- [Your instructions]:
Could you return the data that follows exactly, minus the images?

- [Given information]:
════════════════════

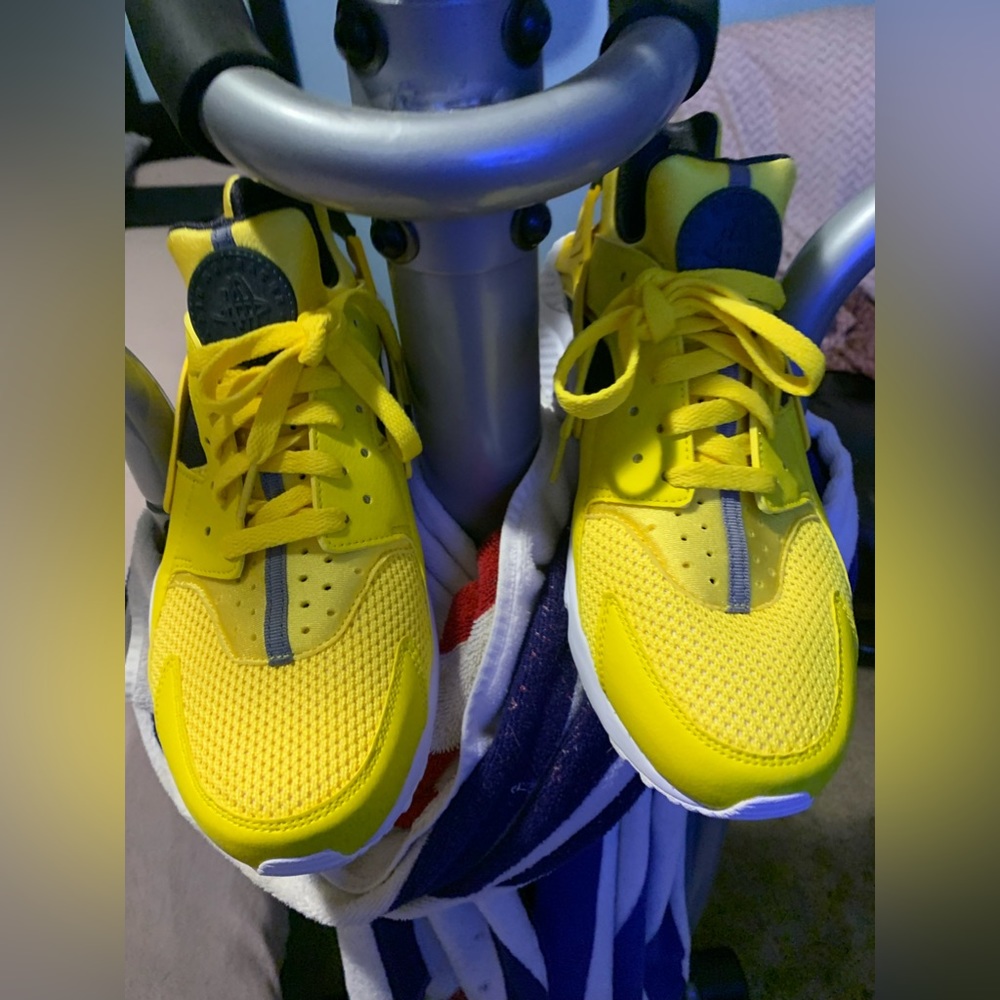 Nike is the opportunity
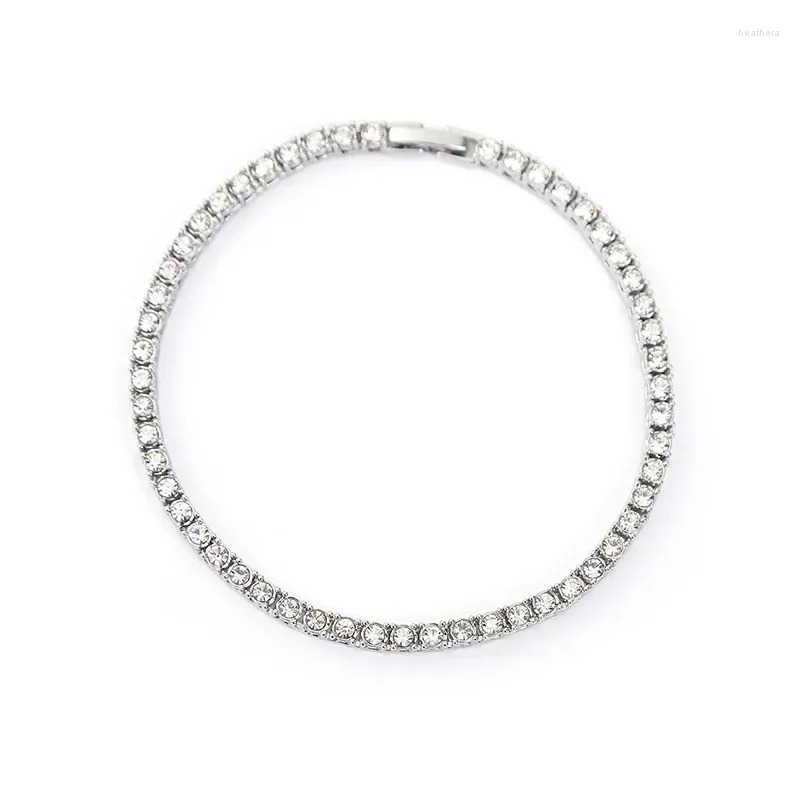 silver bracelet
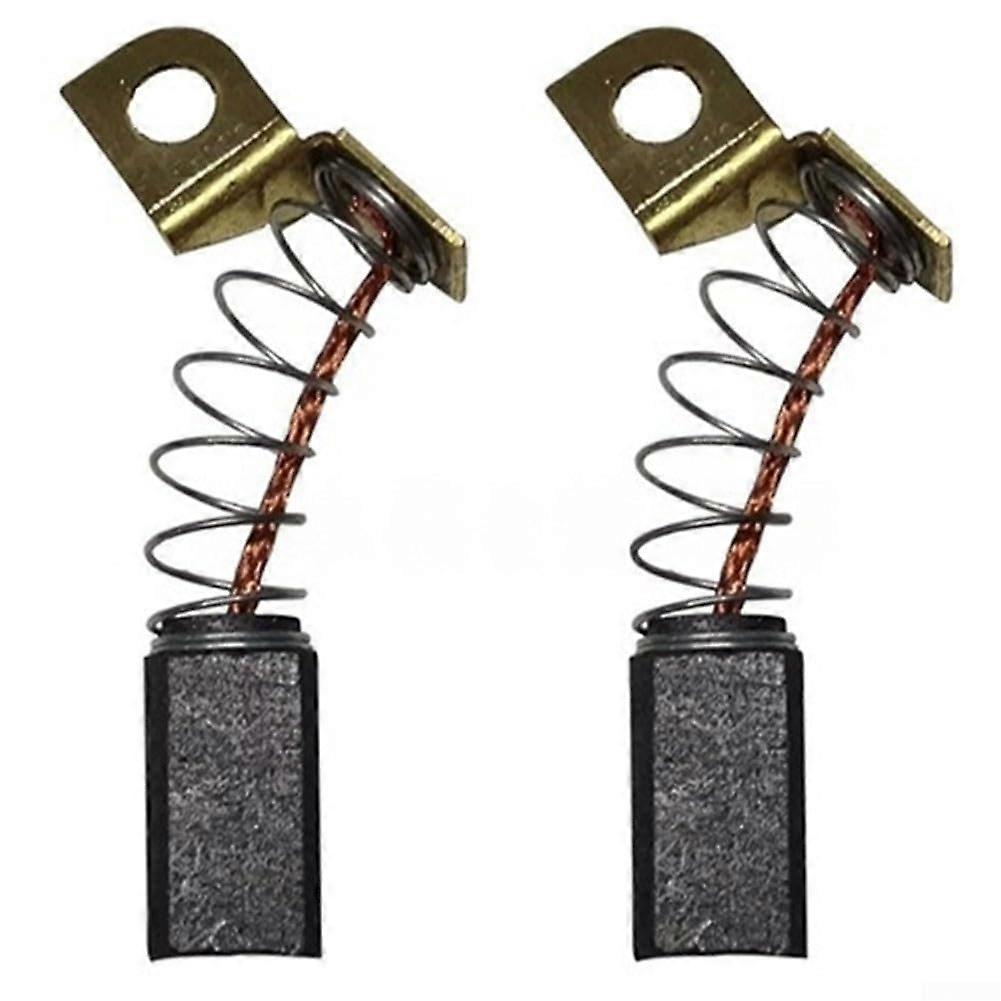 Performance Carbon Brush 12 2x6 3x6 3mm For Sanders Replacement Accessory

════════════════════

- [Answer below]:
 Nike is the opportunity
 silver bracelet
 Performance Carbon Brush 12 2x6 3x6 3mm For Sanders Replacement Accessory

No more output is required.